There are some naysayers screaming caliber doesn’t matter. I’ve shot a lot of squirrels with .177 (12 FPE) head shots and they bounce around kicking & flailing. It takes some patience for them to stop moving around enough to put a hole in the skull. I tried a .177 chest shot and it ran away to die somewhere else out of visual range before I could reload. A couple times, .22 polymag flying out the muzzle around 750fps and impacting a bushy-tailed rodent head 15 meters away popped an eyeball hanging out of the socket but the dang thing would crawl around trying to hide. There have been several super-squirrels I’ve shot in the head and still have deliberate movement, then coninue to survive multiple follow-up shots in the head and chest. I know they weren’t misses because the body part being shot would get knocked, then I would see all the holes after recovering the pest. Most .22 polymag shots to the chest would cause blood oozing out as they cling to the tree for a few seconds and drop without all the flailing. BUT, a .25, a polymag chest shot (typically 15 meters) would drop them immediately with a startling “p0p”. Sometimes it was a gory scene with a lot of blood falling from the tree all at once instead of pouring out like the .22. I forget what velocity my .25’s are, but not very fast because I cranked the hammer tension lower until the shots were quiet with pesting accuracy at close range. Sure, it might be dead the millisecond it caught .177 lead in the brain, but if you don’t want all that flailing around, going with a bigger caliber high in the chest might be the ticket.

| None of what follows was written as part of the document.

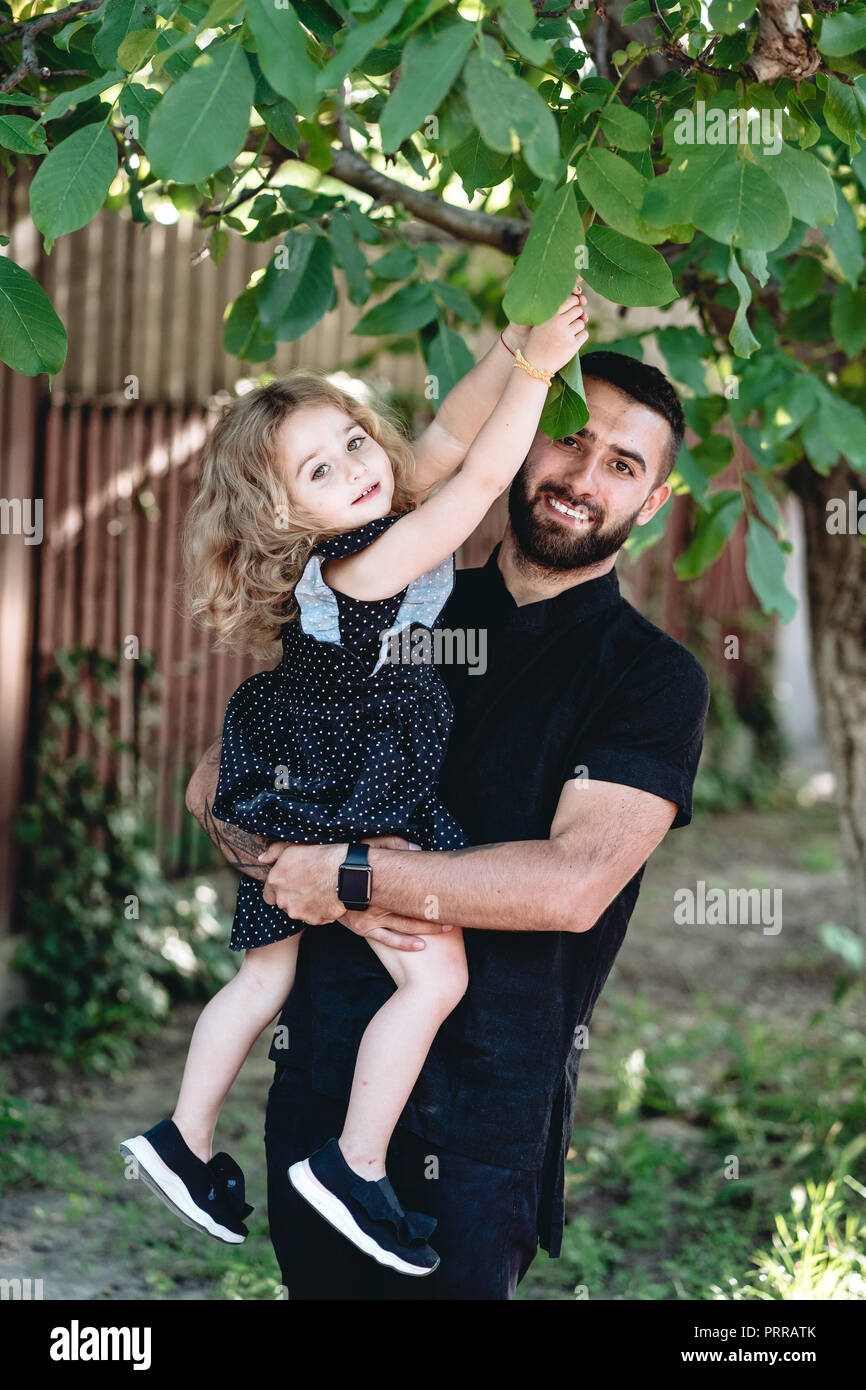 Vati halten seine kleine Tochter in die Arme Stockfoto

The good old saying is there is not replacement for displacement. Of course .25 is better, heck, go straight to .30! LOL
BUT it does depend on pellets too, like you said polymag and hades do a number on critters so you don't really need massive pellet to drop them dead. I've done vital shot with .177 hades and they don't run more than a 10 feet. Even the lowly 7.4 crosman pointed pellet can drop a squirrel right there if the placement is right and I've done it many times, I prefer the challenge of a good head shot vs brut force of .25 which is feels more like extermination than hunting. However I'm shooting urban squirrel which most of the time would sit in my tree and star at me while a pellet is moving towards it's forehead.
Only way to drop them DRT is an accurate shot to the neck and sever the spine but that's a harder shot than the brain shot. However shoot whatever floats your boat, no point arguing about what you want to shoot on the internet. As long as the squirrel is dead then it's dead!